RNA extraction and reverse transcriptase PCR
The ZR751 cells (2 × 105 cells/well) were cultured in 6-well culture plates, treated with or without test samples for 24 h. After incubation, total RNA was prepared using an RNeasy kit (Qiagen) and primed with random hexamers to synthesize complementary DNA using superscript II reverse transcriptase (Invitrogen) according to the manufacturer’s instructions. Polymerase chain reaction (PCR) was carried out in a Mastercycler (Biorad) with specific primers (Additional file1: Table S1). Amplification products obtained by PCR were electrophoretically separated on 1.5% agarose gel, stained with ethidium bromide (0.5 μg/ml) and visualized under gel documentation system (Bio-Rad).
Western blot analysis
Protein expression was carried out as per the standard protocol[18]. Briefly, ZR751 cells (2 × 105 cells/well) were cultured in 6-well culture plates, treated with different concentrations (5–40 μg/ml) of PE extract for 24 h. Cell pellets were lysed in lysis buffer (50 mM Tris–HCl pH 7.4, 150 mM NaCl, 1% NP-40, 0.1% SDS, 2 mM EDTA, 1 mM phenylmethylsulfonylfluoride and protease inhibitor cocktail). Equal amount of protein extract cell lysates were electrophoresed in SDS polyacrylamide gel and then transferred onto PVDF membranes. The membranes were subsequently incubated with primary antibodies of anti-p53, anti-BAX, anti-Bcl2, anti-caspase-3, anti-PARP, anti-cleaved PARP or anti-β-actin at room temperature for 60 min. Antibody recognition was detected with the anti-rabbit or anti-mouse IgG linked to horseradish peroxidase at room temperature for 60 min.
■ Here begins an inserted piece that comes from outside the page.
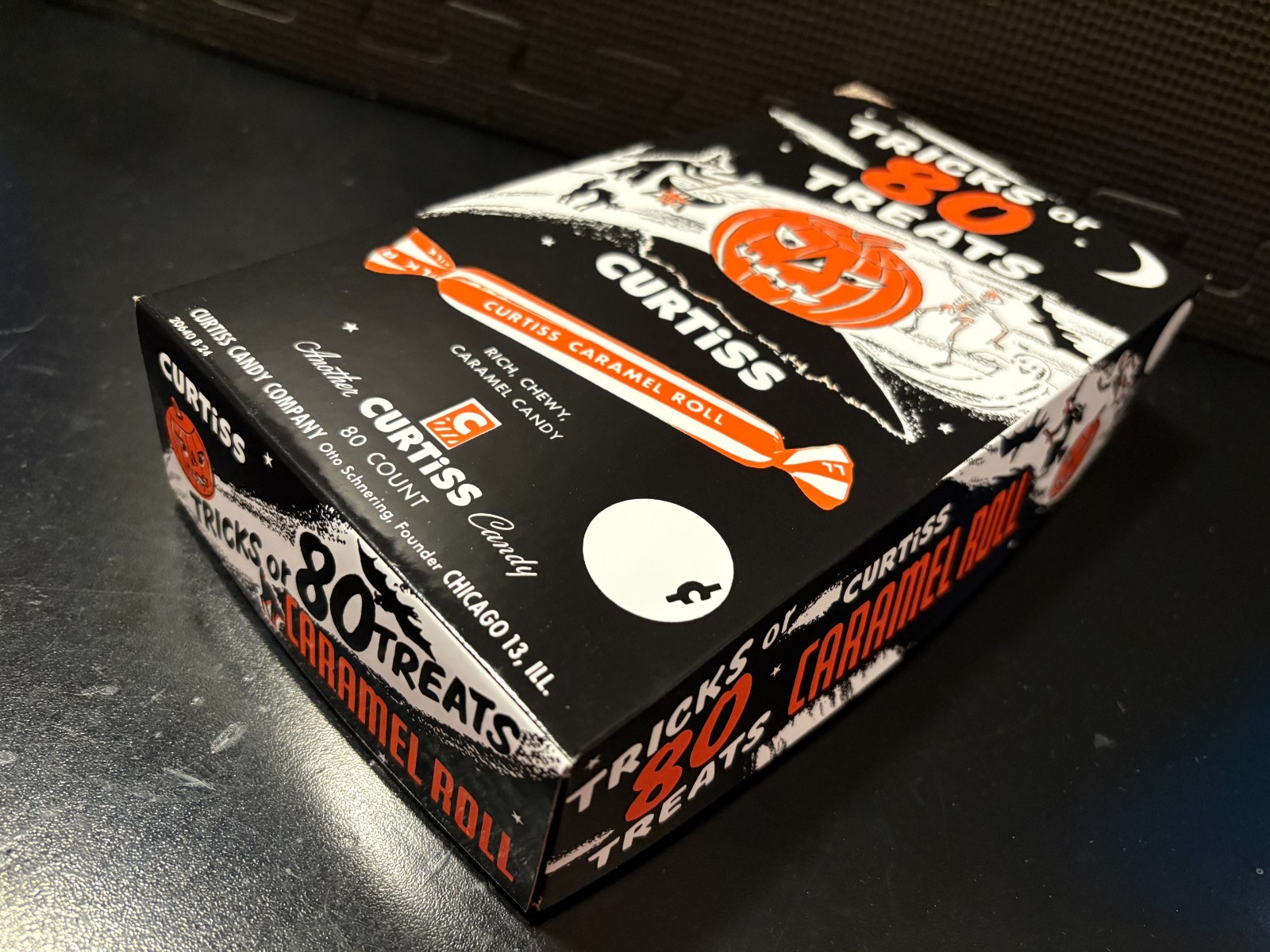 1950s Curtiss Caramel Roll (Halloween, variation #2) – Custom design candy box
Protein bands were visualized on Chemi Doc XRS Imaging System, Bio-Rad after treating with enhanced chemiluminescence reagent.
siRNA interference
p53 expression was knocked down using validated silencer TP53 siRNA (Ambion). Sequences were: sense 5′-GUAAUCUCAUGGGACGGAAtt-3′ and antisense 5′- UUCCGUCCCAGUAGAUUACca-3′. For siRNA transfection experiments, ZR751 cells were plated and transfected after 24 h at ~70% confluency by using Lipofectactamine RNAiMAX transfection agent, according to the manufacturer's instructions. After 24 h of transfection, cells were exposed to different concentrations of PE extract for 24 h prior to analysis of protein expression by western blot or cell viability by MTT assay. A non-targeting control siRNA (SilencerH Negative Control-Ambion) was used as transfection control.
Thin layer chromatography
Equal concentration (16 μg/μl) of CGN extracts were loaded on silica gel 60 TLC aluminium sheets. The plates were developed using petroleum ether: ethyl acetate (5:2). The spots were located by exposing the plates to UV light (365 nm).
Statistical analysis
The values are presented as mean ± SD (standard deviation). Comparision between two groups were done by t–test and multiple comparisons between more than two groups were performed by one-way ANOVA supplemented with Tukey’s HSD test. Values at P < 0.05 were considered to indicate statistical significance.